Your objective >>
Where the listing below reaches the line containing "Pontoons and High Noons Foam Trucker Hat", start writing out lines exactly, and stop once the line containing "Mercedes-Benz Classe A" has been written.

Entries shown >>
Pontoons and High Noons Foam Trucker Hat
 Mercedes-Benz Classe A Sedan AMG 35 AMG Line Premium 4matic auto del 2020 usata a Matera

---

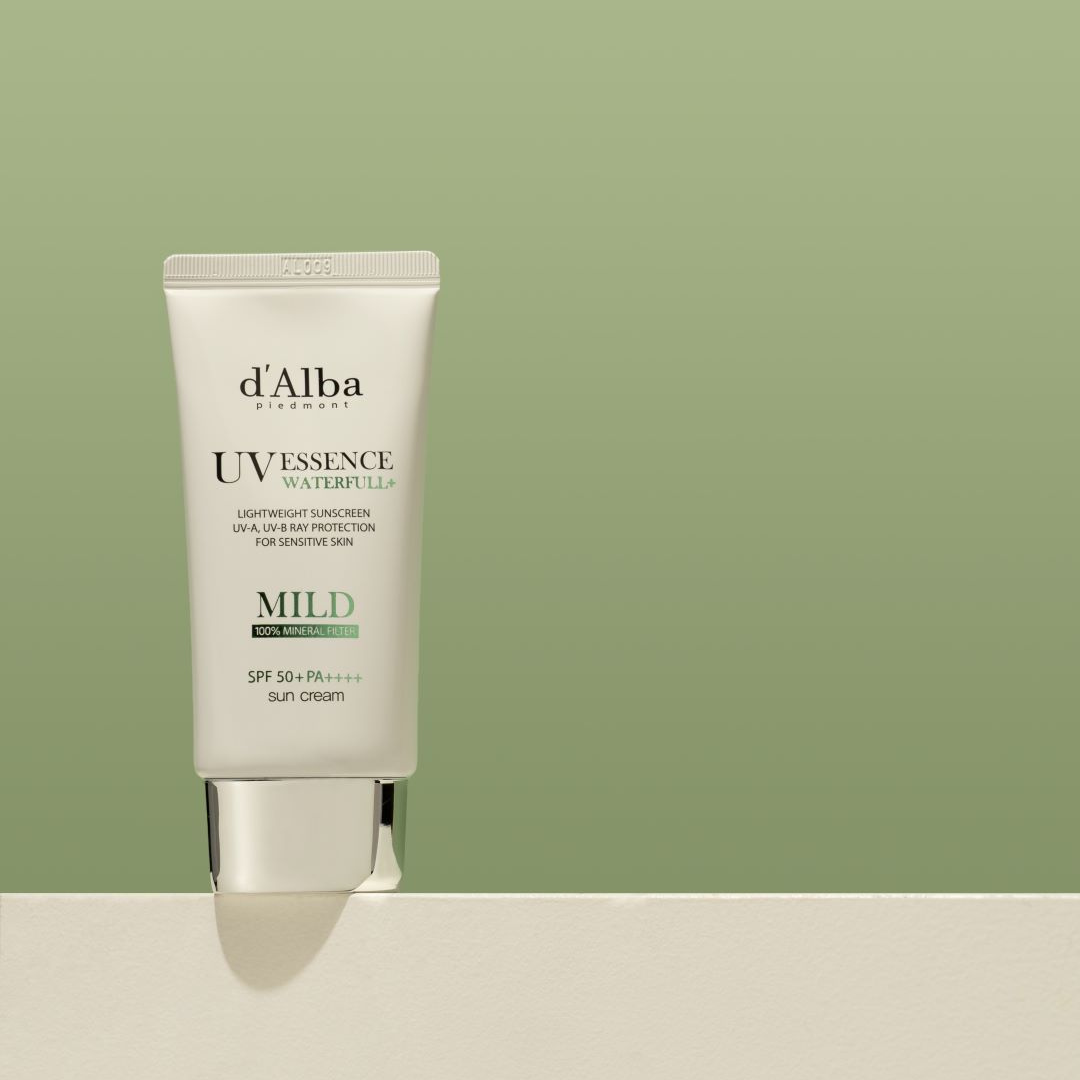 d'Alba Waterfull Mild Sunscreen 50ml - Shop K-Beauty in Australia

Task output >>
Pontoons and High Noons Foam Trucker Hat
 Mercedes-Benz Classe A Sedan AMG 35 AMG Line Premium 4matic auto del 2020 usata a Matera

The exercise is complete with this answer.